Task brief:
Every record below should be printed exactly as given.

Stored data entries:
Content starts

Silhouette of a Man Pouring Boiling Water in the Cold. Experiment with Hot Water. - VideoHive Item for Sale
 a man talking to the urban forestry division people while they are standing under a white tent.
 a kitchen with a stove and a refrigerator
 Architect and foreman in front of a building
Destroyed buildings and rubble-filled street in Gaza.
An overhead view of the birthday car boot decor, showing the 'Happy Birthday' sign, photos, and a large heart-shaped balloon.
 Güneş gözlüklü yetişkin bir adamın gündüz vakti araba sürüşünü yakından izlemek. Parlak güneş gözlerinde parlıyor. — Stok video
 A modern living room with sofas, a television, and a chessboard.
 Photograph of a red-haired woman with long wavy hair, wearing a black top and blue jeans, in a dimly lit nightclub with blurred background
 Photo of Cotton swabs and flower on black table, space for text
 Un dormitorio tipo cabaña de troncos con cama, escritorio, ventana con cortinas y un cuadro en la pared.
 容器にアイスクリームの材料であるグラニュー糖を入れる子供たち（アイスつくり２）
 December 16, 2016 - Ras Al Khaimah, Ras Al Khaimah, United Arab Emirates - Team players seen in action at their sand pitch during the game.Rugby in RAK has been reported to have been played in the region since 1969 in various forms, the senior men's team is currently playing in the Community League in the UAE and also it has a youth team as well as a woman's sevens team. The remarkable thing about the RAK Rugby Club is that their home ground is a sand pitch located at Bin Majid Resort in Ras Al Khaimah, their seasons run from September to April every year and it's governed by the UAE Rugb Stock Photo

Content ends

Your solution:
Silhouette of a Man Pouring Boiling Water in the Cold. Experiment with Hot Water. - VideoHive Item for Sale
 a man talking to the urban forestry division people while they are standing under a white tent.
 a kitchen with a stove and a refrigerator
 Architect and foreman in front of a building
Destroyed buildings and rubble-filled street in Gaza.
An overhead view of the birthday car boot decor, showing the 'Happy Birthday' sign, photos, and a large heart-shaped balloon.
 Güneş gözlüklü yetişkin bir adamın gündüz vakti araba sürüşünü yakından izlemek. Parlak güneş gözlerinde parlıyor. — Stok video
 A modern living room with sofas, a television, and a chessboard.
 Photograph of a red-haired woman with long wavy hair, wearing a black top and blue jeans, in a dimly lit nightclub with blurred background
 Photo of Cotton swabs and flower on black table, space for text
 Un dormitorio tipo cabaña de troncos con cama, escritorio, ventana con cortinas y un cuadro en la pared.
 容器にアイスクリームの材料であるグラニュー糖を入れる子供たち（アイスつくり２）
 December 16, 2016 - Ras Al Khaimah, Ras Al Khaimah, United Arab Emirates - Team players seen in action at their sand pitch during the game.Rugby in RAK has been reported to have been played in the region since 1969 in various forms, the senior men's team is currently playing in the Community League in the UAE and also it has a youth team as well as a woman's sevens team. The remarkable thing about the RAK Rugby Club is that their home ground is a sand pitch located at Bin Majid Resort in Ras Al Khaimah, their seasons run from September to April every year and it's governed by the UAE Rugb Stock Photo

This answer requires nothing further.